[MATERIAL FOR THIS TASK]:
···
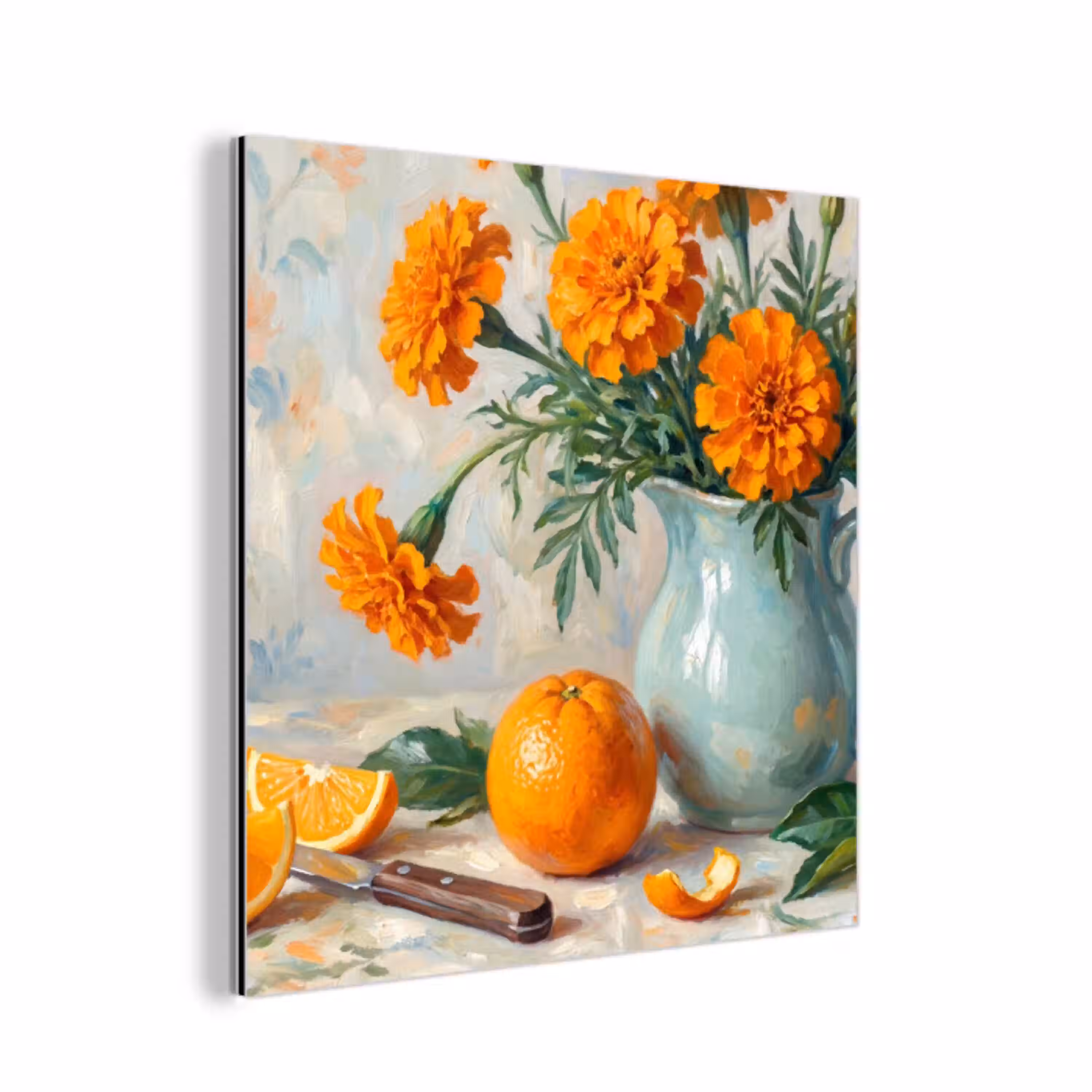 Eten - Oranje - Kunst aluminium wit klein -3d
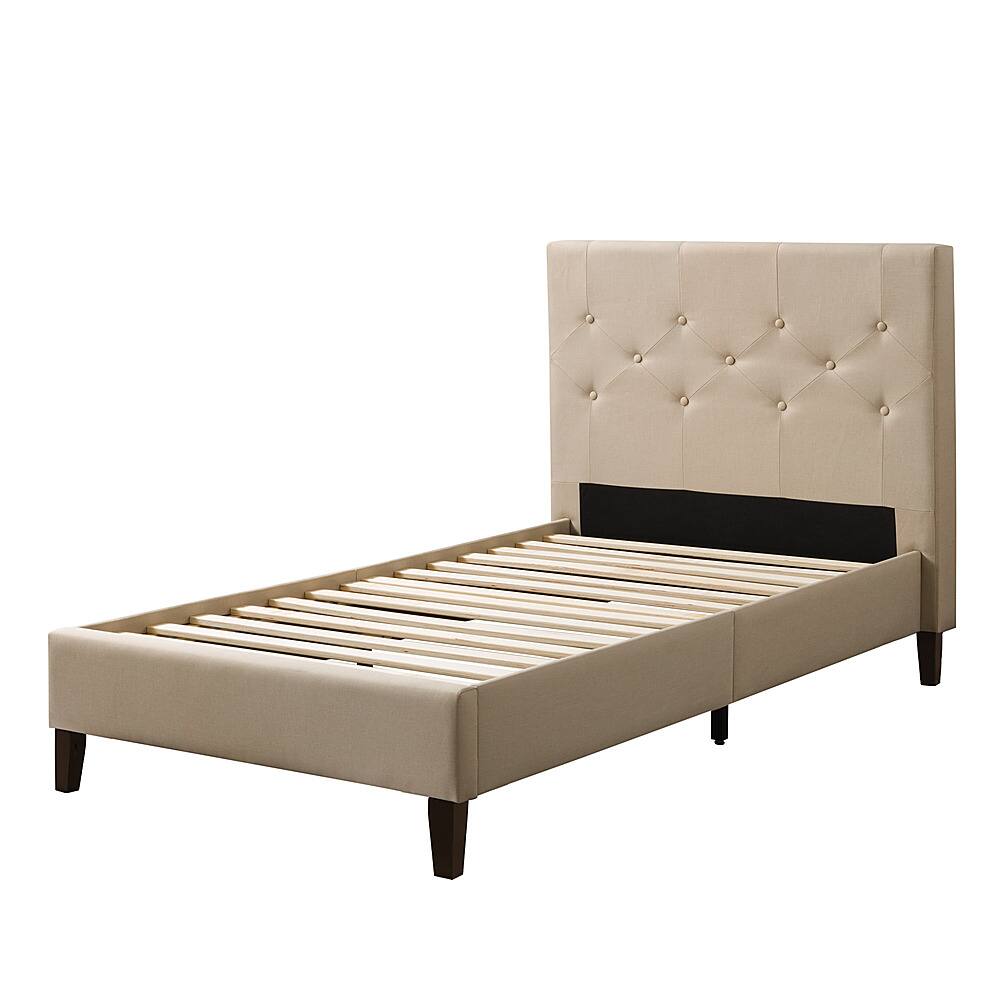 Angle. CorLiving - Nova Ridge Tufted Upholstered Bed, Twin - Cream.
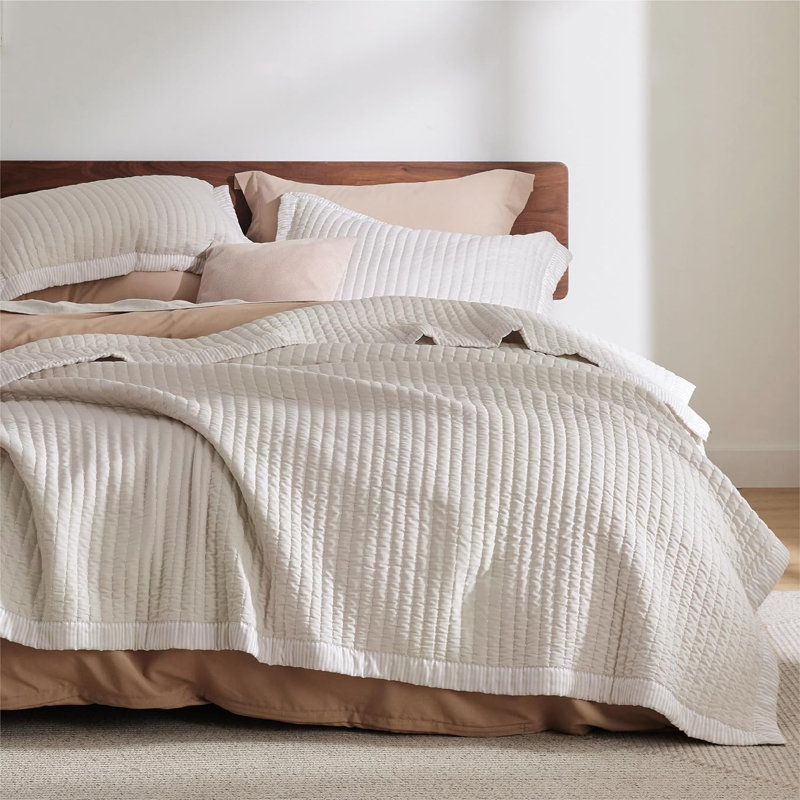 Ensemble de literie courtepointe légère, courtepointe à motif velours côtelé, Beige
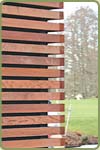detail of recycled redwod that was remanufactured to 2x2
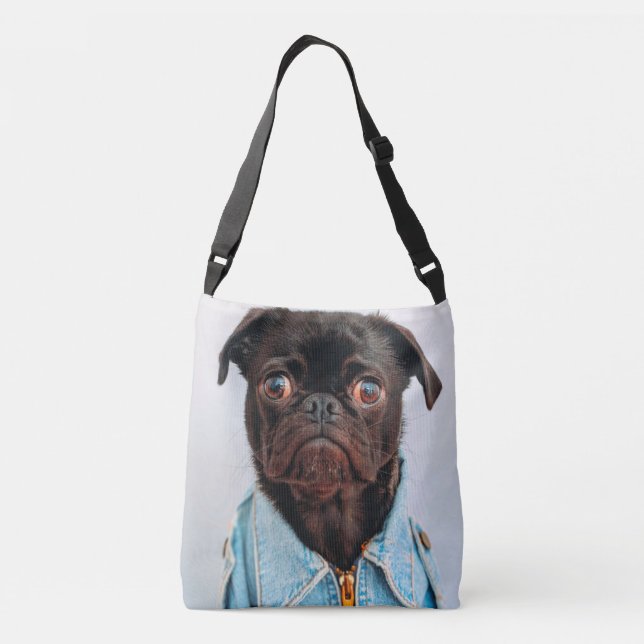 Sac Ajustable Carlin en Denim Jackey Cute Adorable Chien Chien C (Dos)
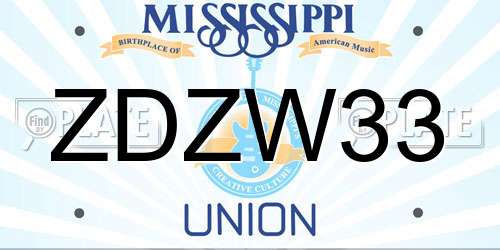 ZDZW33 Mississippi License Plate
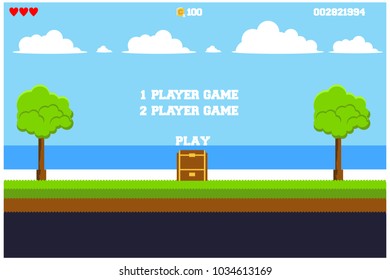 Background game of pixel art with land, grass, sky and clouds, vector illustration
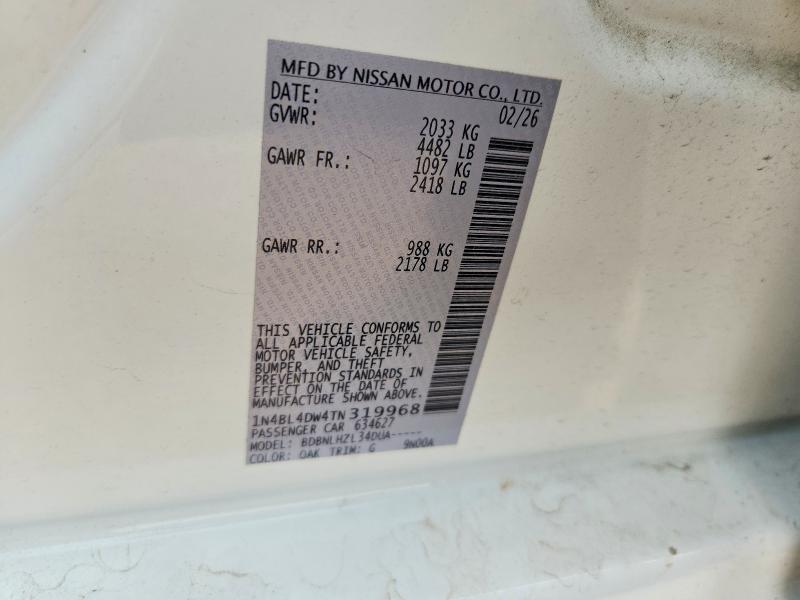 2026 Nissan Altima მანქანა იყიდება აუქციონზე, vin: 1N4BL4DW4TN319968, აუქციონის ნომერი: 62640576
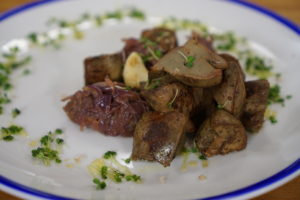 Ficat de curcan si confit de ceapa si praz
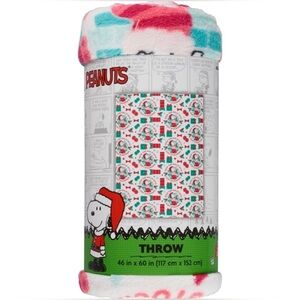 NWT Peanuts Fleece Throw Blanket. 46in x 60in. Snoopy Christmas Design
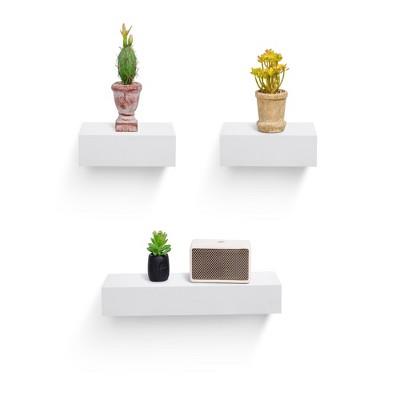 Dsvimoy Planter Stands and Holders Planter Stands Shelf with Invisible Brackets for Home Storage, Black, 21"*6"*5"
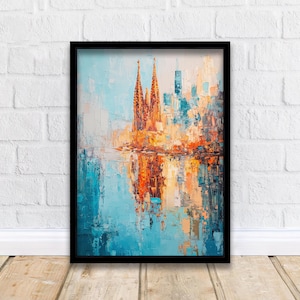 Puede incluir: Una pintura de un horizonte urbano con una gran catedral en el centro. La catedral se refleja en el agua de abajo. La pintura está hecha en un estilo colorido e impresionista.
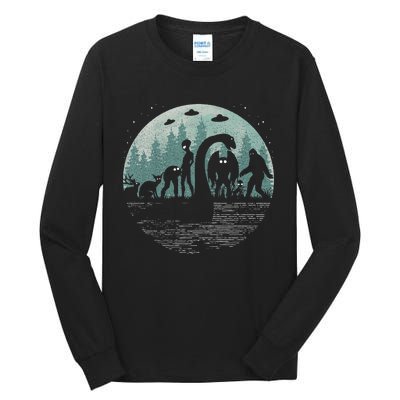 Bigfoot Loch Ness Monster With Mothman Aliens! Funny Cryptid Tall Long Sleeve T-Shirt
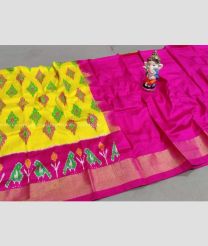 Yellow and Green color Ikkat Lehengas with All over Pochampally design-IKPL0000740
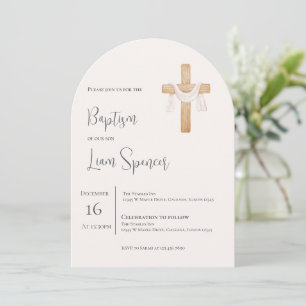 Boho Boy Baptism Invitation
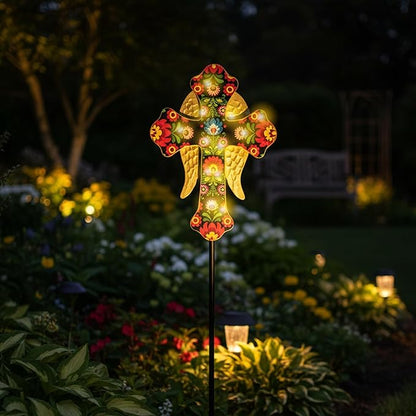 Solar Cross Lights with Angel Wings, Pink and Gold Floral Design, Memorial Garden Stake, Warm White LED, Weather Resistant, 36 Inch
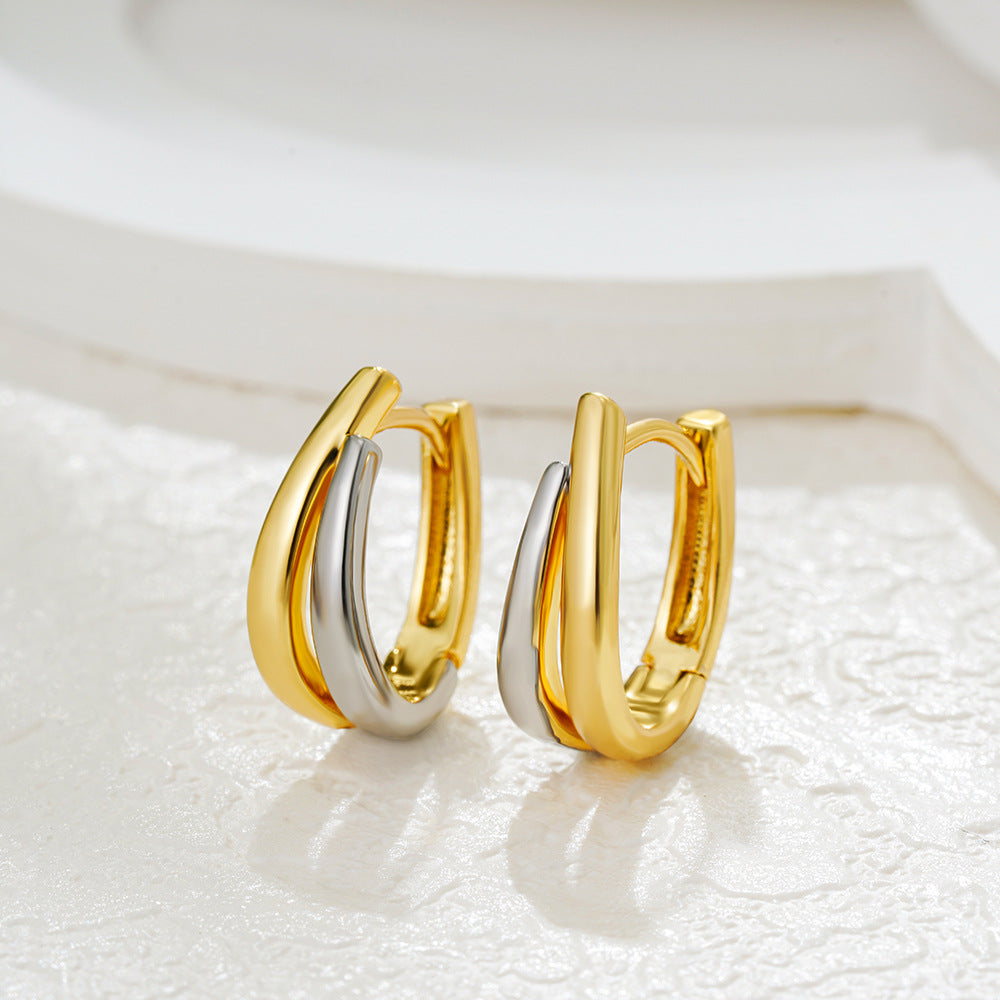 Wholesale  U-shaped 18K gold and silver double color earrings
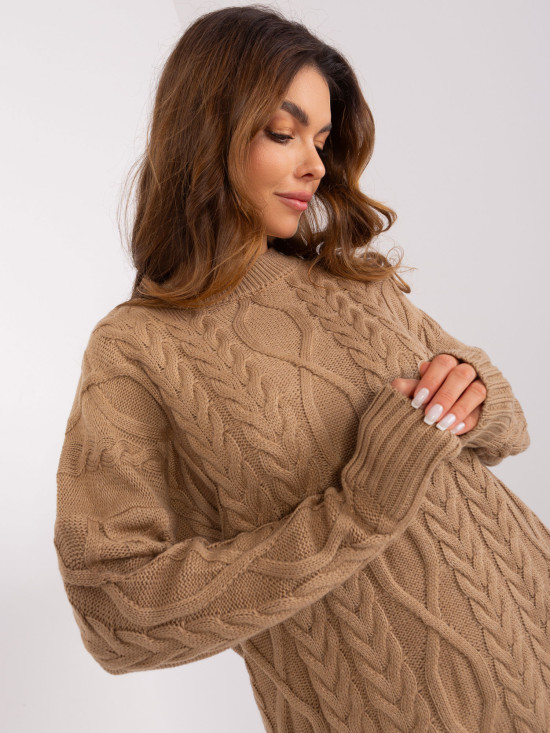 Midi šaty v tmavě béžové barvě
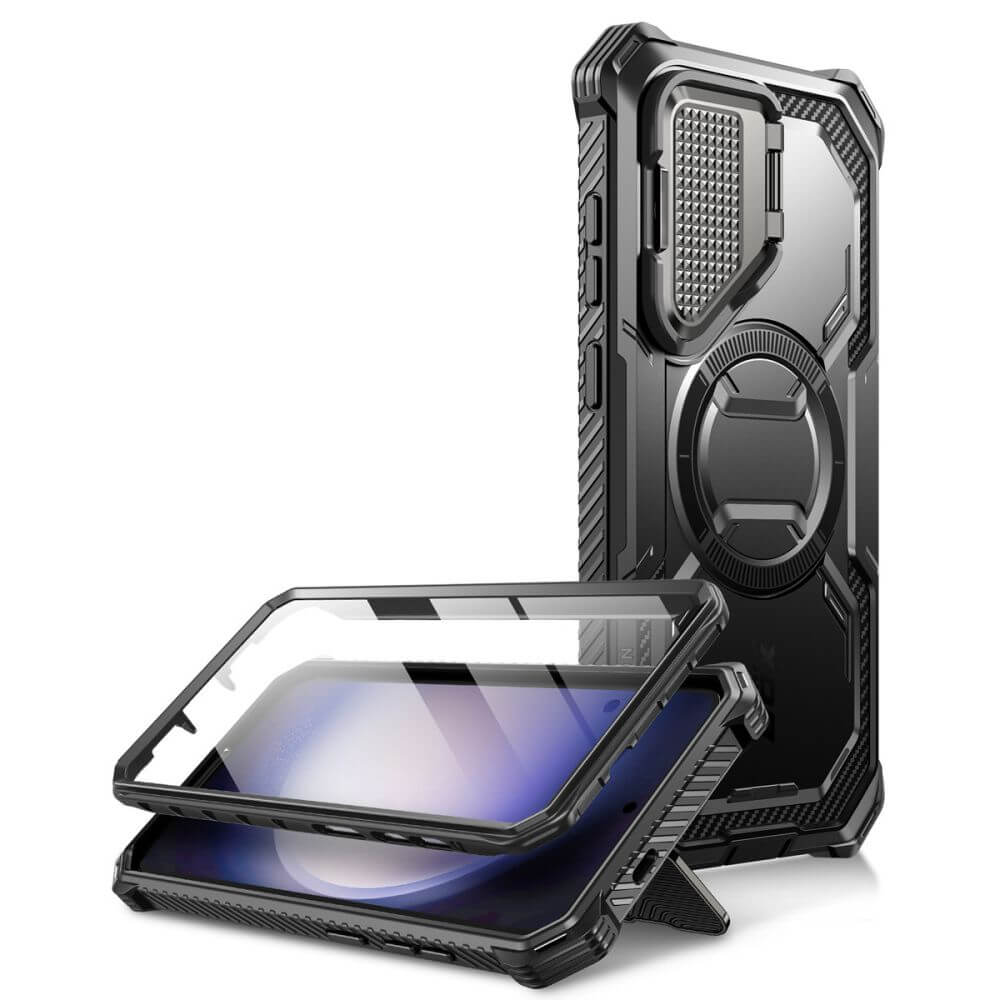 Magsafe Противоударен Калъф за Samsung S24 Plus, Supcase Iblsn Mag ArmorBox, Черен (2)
···
[THE TASK]:
Output the listing above in full and exactly, with pictures excluded.

[EXERCISE ANSWER]:
 Eten - Oranje - Kunst aluminium wit klein -3d
 Angle. CorLiving - Nova Ridge Tufted Upholstered Bed, Twin - Cream.
 Ensemble de literie courtepointe légère, courtepointe à motif velours côtelé, Beige
detail of recycled redwod that was remanufactured to 2x2
 Sac Ajustable Carlin en Denim Jackey Cute Adorable Chien Chien C (Dos)
 ZDZW33 Mississippi License Plate
 Background game of pixel art with land, grass, sky and clouds, vector illustration
 2026 Nissan Altima მანქანა იყიდება აუქციონზე, vin: 1N4BL4DW4TN319968, აუქციონის ნომერი: 62640576
 Ficat de curcan si confit de ceapa si praz
 NWT Peanuts Fleece Throw Blanket. 46in x 60in. Snoopy Christmas Design
 Dsvimoy Planter Stands and Holders Planter Stands Shelf with Invisible Brackets for Home Storage, Black, 21"*6"*5"
 Puede incluir: Una pintura de un horizonte urbano con una gran catedral en el centro. La catedral se refleja en el agua de abajo. La pintura está hecha en un estilo colorido e impresionista.
 Bigfoot Loch Ness Monster With Mothman Aliens! Funny Cryptid Tall Long Sleeve T-Shirt
 Yellow and Green color Ikkat Lehengas with All over Pochampally design-IKPL0000740
 Boho Boy Baptism Invitation
 Solar Cross Lights with Angel Wings, Pink and Gold Floral Design, Memorial Garden Stake, Warm White LED, Weather Resistant, 36 Inch
 Wholesale  U-shaped 18K gold and silver double color earrings
 Midi šaty v tmavě béžové barvě
 Magsafe Противоударен Калъф за Samsung S24 Plus, Supcase Iblsn Mag ArmorBox, Черен (2)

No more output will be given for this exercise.